## Data excerpts

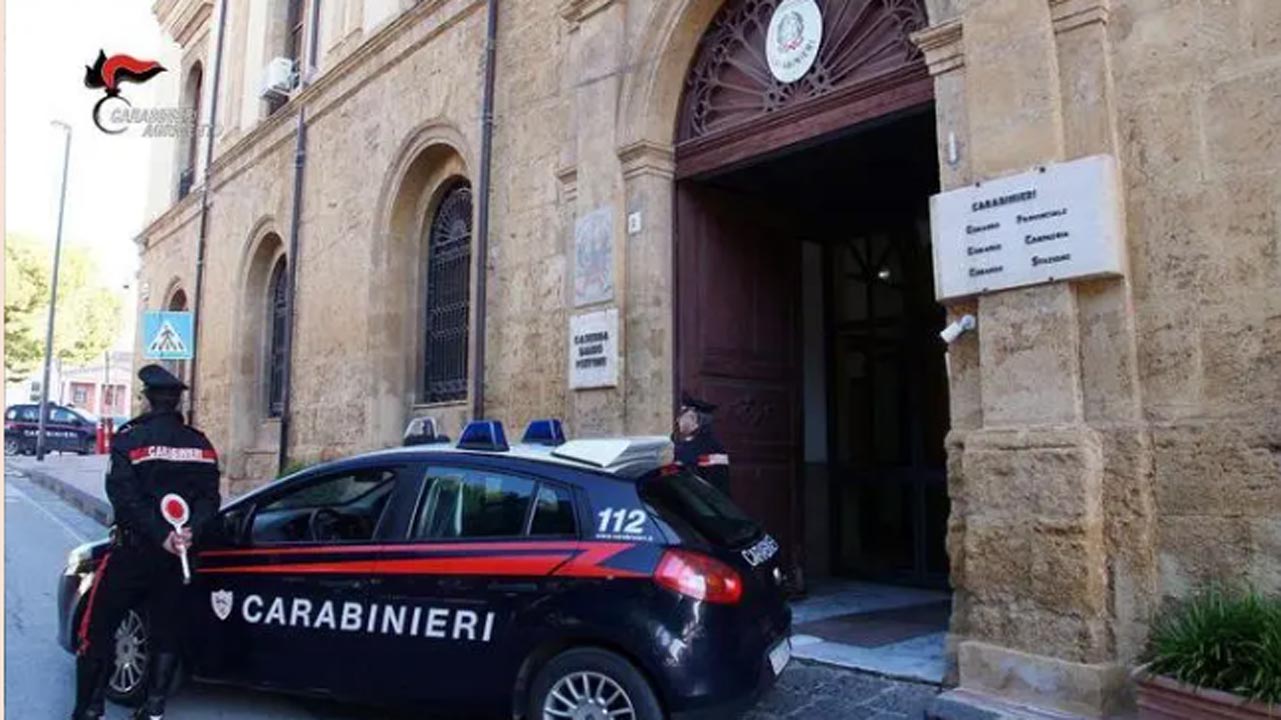 Cadavere tra le sterpaglie ad Agrigento vicino al giardino botanico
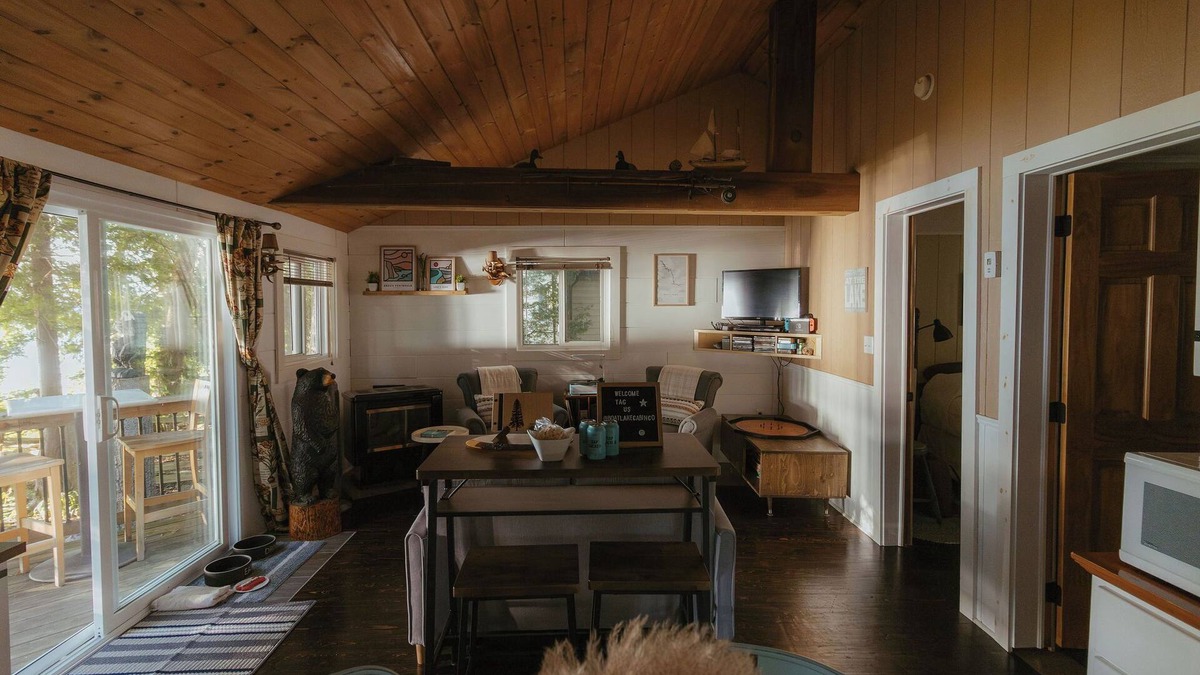 South Bruce Peninsula Cabin | Waterfront Cabin on Boat Lake! 2bed, 1bath, Pet Friendly. A serene getaway!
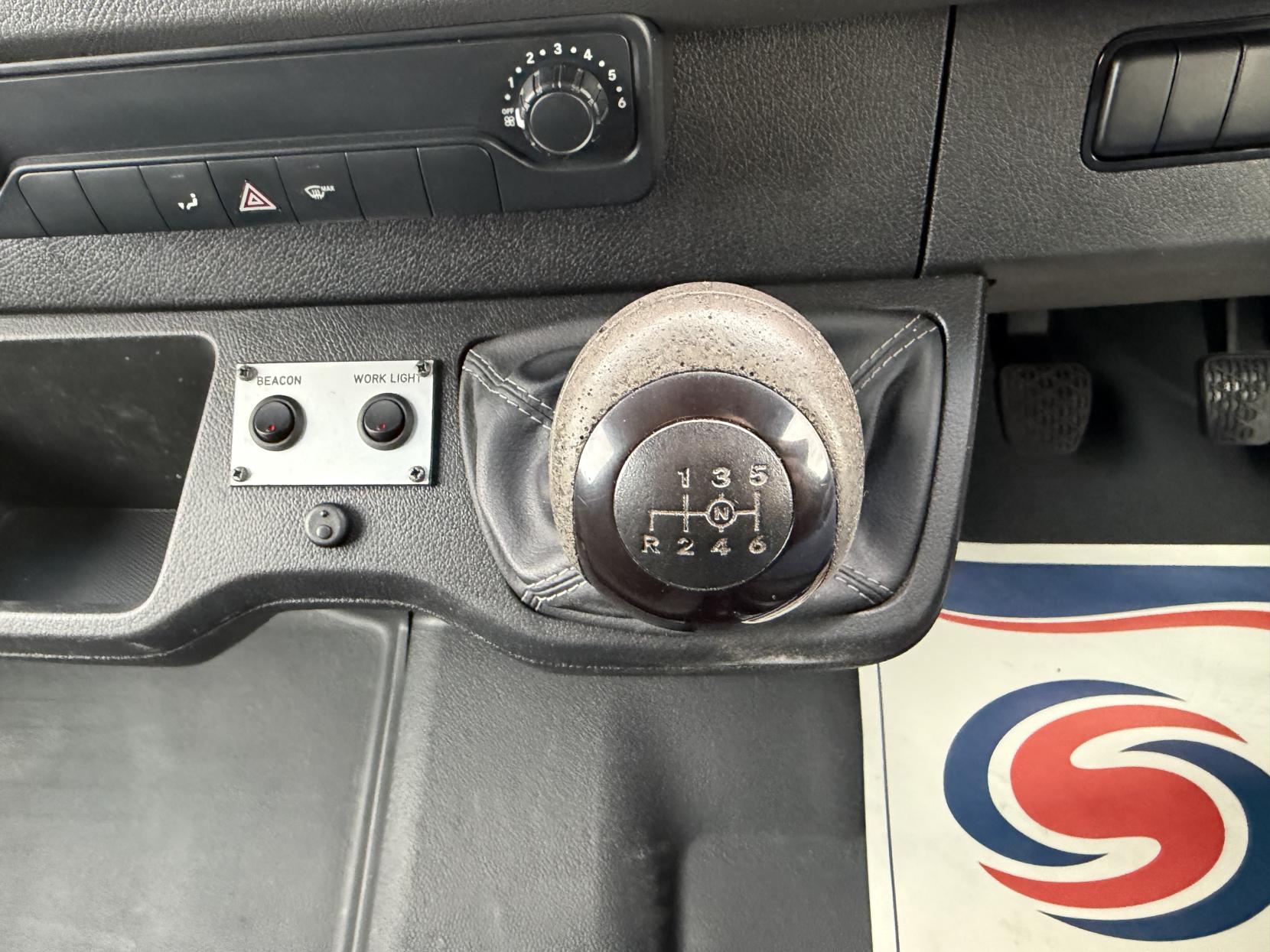 2020 Mercedes-Benz Sprinter 2.1 316 CDI Panel Van 5dr Diesel Manual RWD L2 H2 Euro 6 (163 ps) - Thumbnail 25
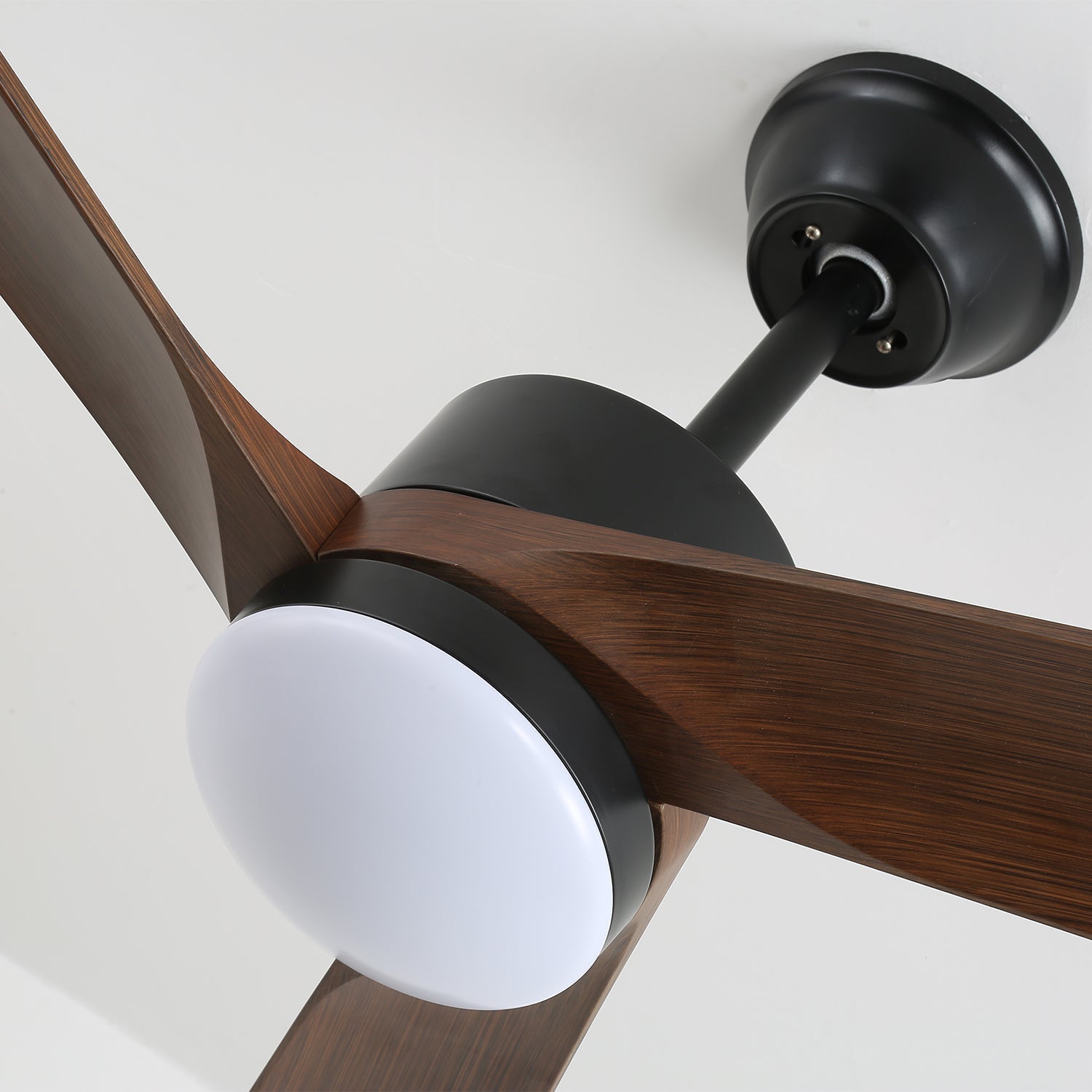 Evraeis Ventilator in einem Essbereich, spendet Licht und sorgt für Luftzirkulation.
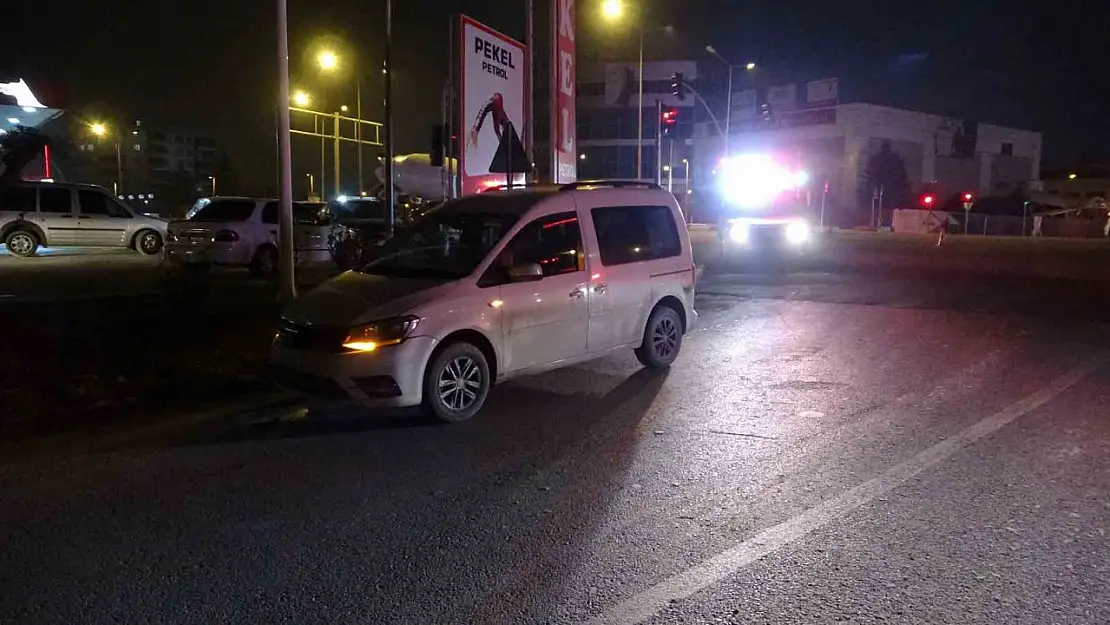 Malatya'da hafif ticari araç otomobille çarpıştı: 2 yaralı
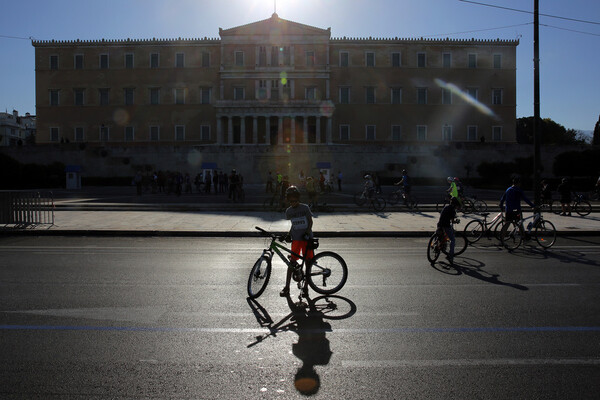 Πάνω από 15.000 Αθηναίοι με τα ποδήλατα τους πλημμύρισαν το κέντρο της πόλης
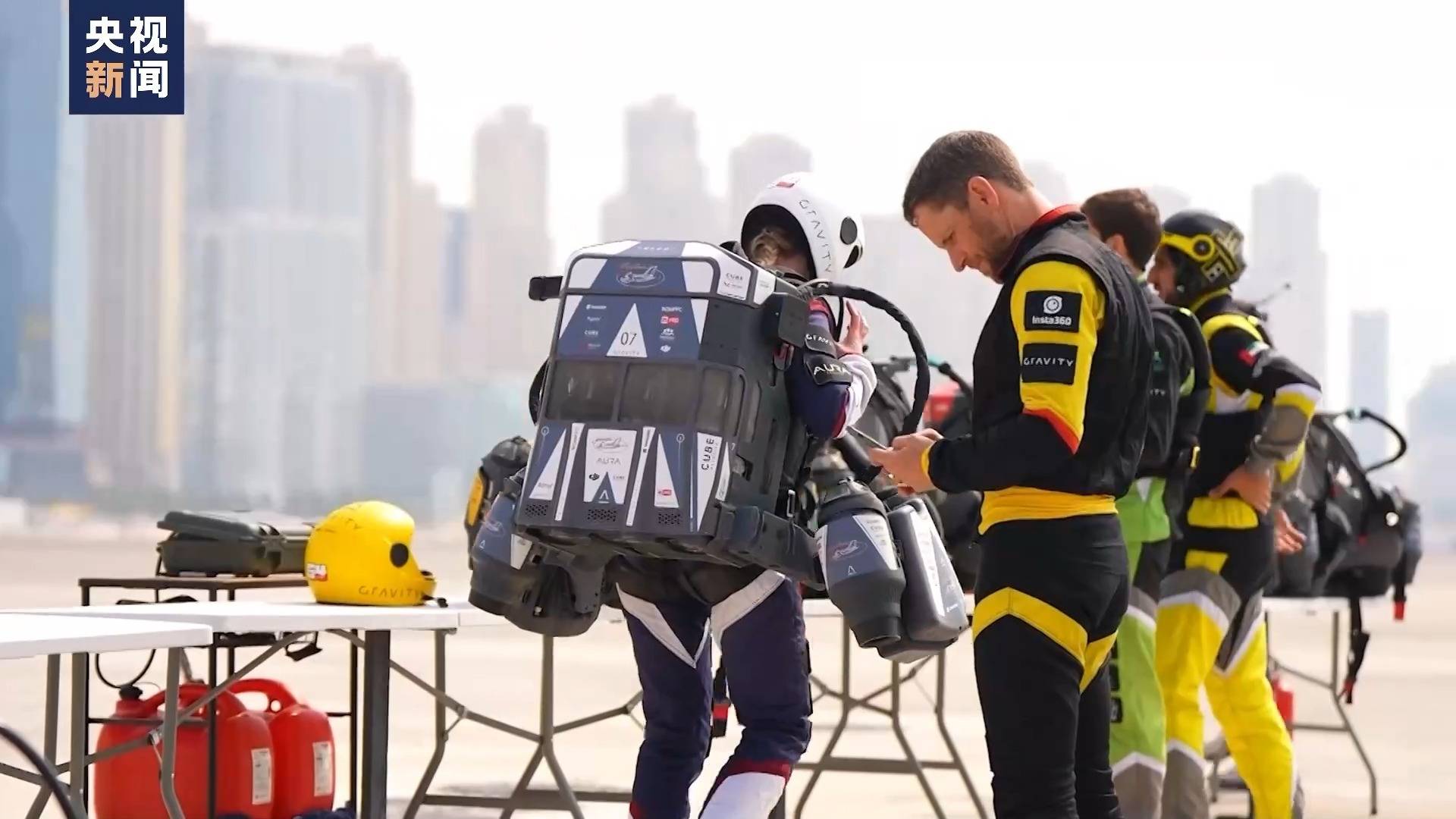 真“空中飞人”！首届喷气式飞行服大赛在迪拜举行-搜狐大视野-搜狐新闻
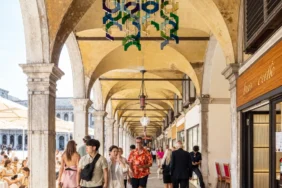 Feleksan-Onarin-Passaggi-Eseri-Venedikte-featured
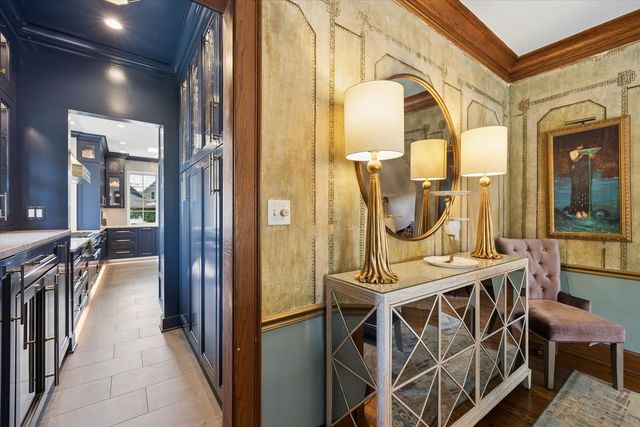 411 N Belmont Avenue, Arlington Heights, IL 60004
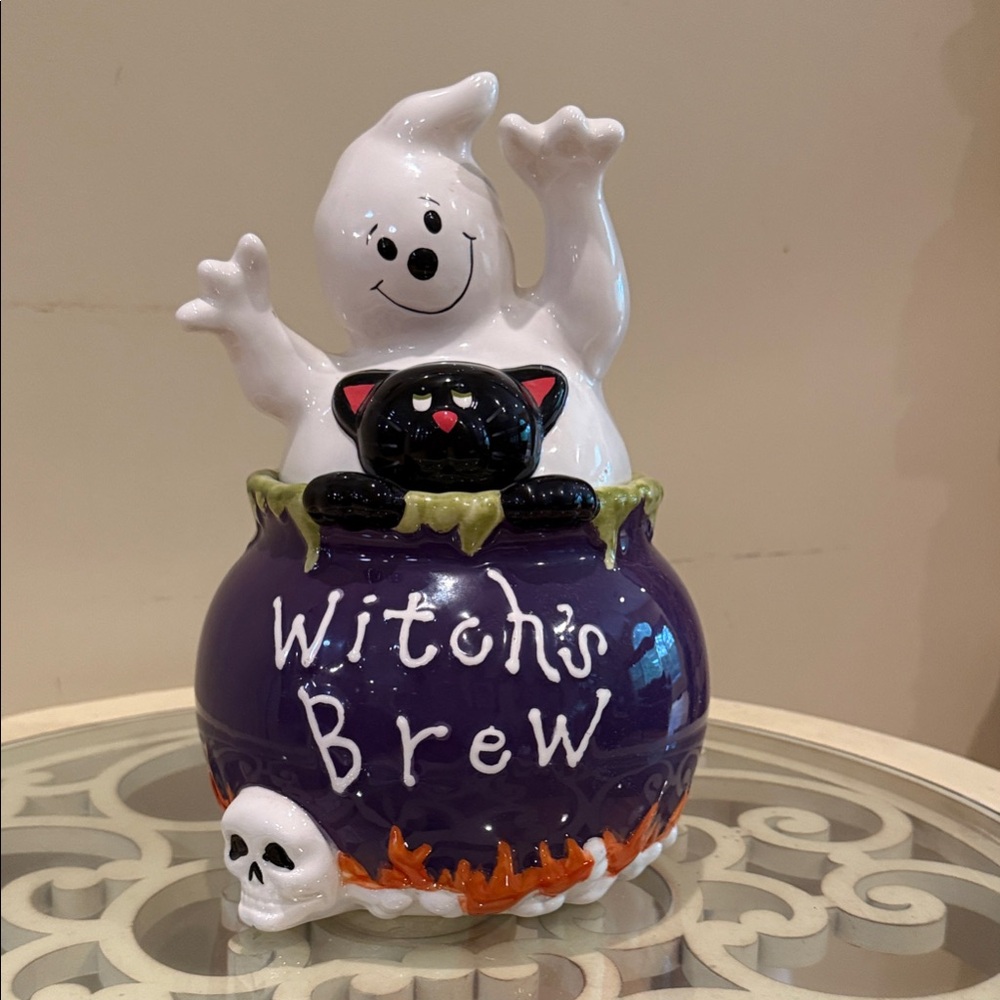 Charming Witch's Brew Ghost and Cat Decor - Purple and White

## Activity
Please give again, word for word, the lines from the one containing "Evraeis Ventilator in" through the last line of the listing above, inclusive, and leave out pictures.

## Answer below
 Evraeis Ventilator in einem Essbereich, spendet Licht und sorgt für Luftzirkulation.
 Malatya'da hafif ticari araç otomobille çarpıştı: 2 yaralı
 Πάνω από 15.000 Αθηναίοι με τα ποδήλατα τους πλημμύρισαν το κέντρο της πόλης
 真“空中飞人”！首届喷气式飞行服大赛在迪拜举行-搜狐大视野-搜狐新闻
 Feleksan-Onarin-Passaggi-Eseri-Venedikte-featured
 411 N Belmont Avenue, Arlington Heights, IL 60004
 Charming Witch's Brew Ghost and Cat Decor - Purple and White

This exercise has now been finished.